■ WORK INSTRUCTION
Only the number is wanted: how many lines of these entries contain the word "heart"?
- - -
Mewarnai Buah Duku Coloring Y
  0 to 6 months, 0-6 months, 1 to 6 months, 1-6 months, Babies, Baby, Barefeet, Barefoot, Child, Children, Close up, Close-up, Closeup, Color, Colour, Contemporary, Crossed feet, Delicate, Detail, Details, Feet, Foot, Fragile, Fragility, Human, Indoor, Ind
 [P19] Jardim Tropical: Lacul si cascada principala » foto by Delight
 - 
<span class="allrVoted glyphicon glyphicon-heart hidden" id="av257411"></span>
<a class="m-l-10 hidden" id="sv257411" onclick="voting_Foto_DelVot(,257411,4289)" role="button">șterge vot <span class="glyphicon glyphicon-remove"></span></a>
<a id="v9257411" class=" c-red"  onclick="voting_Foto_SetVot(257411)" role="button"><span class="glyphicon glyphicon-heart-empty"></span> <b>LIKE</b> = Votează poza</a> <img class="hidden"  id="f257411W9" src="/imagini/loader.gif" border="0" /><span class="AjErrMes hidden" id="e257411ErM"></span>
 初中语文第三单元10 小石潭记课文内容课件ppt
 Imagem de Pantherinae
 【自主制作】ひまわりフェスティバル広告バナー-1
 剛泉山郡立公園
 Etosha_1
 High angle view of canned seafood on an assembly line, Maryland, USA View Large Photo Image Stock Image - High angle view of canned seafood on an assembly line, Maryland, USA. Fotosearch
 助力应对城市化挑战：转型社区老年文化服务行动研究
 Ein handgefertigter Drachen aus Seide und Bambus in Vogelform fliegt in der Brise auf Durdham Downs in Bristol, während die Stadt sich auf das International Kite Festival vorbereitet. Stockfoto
- - -
■ OUTPUT FOR THIS TASK
2